**Work instruction**
Copy exactly the lines of the records below, and only those lines, beginning with the line that contains "NAOMI OFF-SHOULDER DRESS" and ending with the line that contains "Huvila myytävänä Pozuelo".

Records from a dataset:
►
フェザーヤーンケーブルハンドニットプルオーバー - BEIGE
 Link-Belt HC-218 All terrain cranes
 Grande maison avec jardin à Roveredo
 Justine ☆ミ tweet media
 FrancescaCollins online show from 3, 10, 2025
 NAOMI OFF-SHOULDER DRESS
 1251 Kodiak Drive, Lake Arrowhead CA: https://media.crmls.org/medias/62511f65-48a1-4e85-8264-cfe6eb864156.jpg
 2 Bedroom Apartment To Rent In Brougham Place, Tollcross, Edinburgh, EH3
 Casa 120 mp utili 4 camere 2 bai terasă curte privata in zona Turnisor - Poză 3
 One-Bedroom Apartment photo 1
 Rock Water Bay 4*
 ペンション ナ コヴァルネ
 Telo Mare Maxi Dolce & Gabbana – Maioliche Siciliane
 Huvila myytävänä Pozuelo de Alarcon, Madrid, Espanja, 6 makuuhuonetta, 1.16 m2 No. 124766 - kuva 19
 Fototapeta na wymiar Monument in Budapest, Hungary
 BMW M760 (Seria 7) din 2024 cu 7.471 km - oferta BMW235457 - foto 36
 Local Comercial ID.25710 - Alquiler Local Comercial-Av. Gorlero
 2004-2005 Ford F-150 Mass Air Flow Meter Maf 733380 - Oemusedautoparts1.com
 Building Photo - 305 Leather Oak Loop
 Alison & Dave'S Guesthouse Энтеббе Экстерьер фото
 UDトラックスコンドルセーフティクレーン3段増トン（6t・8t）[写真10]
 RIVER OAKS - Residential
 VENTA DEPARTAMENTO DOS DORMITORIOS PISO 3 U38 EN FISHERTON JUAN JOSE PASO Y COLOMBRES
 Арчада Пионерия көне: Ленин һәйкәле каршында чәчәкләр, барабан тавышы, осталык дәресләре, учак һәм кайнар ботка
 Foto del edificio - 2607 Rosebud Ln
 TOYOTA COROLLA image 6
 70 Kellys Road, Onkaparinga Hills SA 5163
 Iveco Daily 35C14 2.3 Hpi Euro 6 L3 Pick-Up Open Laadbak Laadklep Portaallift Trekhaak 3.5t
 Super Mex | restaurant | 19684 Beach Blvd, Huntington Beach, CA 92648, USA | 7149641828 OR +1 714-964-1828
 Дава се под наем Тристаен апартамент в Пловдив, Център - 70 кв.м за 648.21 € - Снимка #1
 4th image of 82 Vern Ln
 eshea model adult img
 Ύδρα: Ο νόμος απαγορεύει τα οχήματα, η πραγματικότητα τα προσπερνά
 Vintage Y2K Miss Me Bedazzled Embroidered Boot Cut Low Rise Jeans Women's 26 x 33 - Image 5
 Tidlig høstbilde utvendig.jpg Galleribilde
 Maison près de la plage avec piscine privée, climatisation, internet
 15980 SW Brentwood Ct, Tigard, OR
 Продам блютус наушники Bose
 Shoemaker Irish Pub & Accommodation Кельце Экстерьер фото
◄
**Solved problem**
 NAOMI OFF-SHOULDER DRESS
 1251 Kodiak Drive, Lake Arrowhead CA: https://media.crmls.org/medias/62511f65-48a1-4e85-8264-cfe6eb864156.jpg
 2 Bedroom Apartment To Rent In Brougham Place, Tollcross, Edinburgh, EH3
 Casa 120 mp utili 4 camere 2 bai terasă curte privata in zona Turnisor - Poză 3
 One-Bedroom Apartment photo 1
 Rock Water Bay 4*
 ペンション ナ コヴァルネ
 Telo Mare Maxi Dolce & Gabbana – Maioliche Siciliane
 Huvila myytävänä Pozuelo de Alarcon, Madrid, Espanja, 6 makuuhuonetta, 1.16 m2 No. 124766 - kuva 19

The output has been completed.